====== Exercise data
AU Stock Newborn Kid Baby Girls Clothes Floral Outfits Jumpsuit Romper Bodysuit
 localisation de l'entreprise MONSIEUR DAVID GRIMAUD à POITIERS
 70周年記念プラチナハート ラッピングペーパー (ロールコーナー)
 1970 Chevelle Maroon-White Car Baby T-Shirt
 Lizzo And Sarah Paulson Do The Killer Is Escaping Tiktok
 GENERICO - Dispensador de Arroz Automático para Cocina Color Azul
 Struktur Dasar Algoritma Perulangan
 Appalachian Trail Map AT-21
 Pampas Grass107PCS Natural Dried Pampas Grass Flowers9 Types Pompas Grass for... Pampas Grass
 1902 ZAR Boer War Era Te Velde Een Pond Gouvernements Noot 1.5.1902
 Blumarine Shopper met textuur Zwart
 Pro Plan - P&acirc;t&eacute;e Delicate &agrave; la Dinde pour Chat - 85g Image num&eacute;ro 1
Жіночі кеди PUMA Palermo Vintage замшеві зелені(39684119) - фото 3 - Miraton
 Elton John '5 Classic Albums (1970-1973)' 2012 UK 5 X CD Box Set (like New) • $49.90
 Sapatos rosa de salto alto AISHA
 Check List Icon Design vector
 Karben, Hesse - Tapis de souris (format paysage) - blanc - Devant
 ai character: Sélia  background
============
*Problem to solve*. Please give each line above again, word for word.

*Result below*.
AU Stock Newborn Kid Baby Girls Clothes Floral Outfits Jumpsuit Romper Bodysuit
 localisation de l'entreprise MONSIEUR DAVID GRIMAUD à POITIERS
 70周年記念プラチナハート ラッピングペーパー (ロールコーナー)
 1970 Chevelle Maroon-White Car Baby T-Shirt
 Lizzo And Sarah Paulson Do The Killer Is Escaping Tiktok
 GENERICO - Dispensador de Arroz Automático para Cocina Color Azul
 Struktur Dasar Algoritma Perulangan
 Appalachian Trail Map AT-21
 Pampas Grass107PCS Natural Dried Pampas Grass Flowers9 Types Pompas Grass for... Pampas Grass
 1902 ZAR Boer War Era Te Velde Een Pond Gouvernements Noot 1.5.1902
 Blumarine Shopper met textuur Zwart
 Pro Plan - P&acirc;t&eacute;e Delicate &agrave; la Dinde pour Chat - 85g Image num&eacute;ro 1
Жіночі кеди PUMA Palermo Vintage замшеві зелені(39684119) - фото 3 - Miraton
 Elton John '5 Classic Albums (1970-1973)' 2012 UK 5 X CD Box Set (like New) • $49.90
 Sapatos rosa de salto alto AISHA
 Check List Icon Design vector
 Karben, Hesse - Tapis de souris (format paysage) - blanc - Devant
 ai character: Sélia  background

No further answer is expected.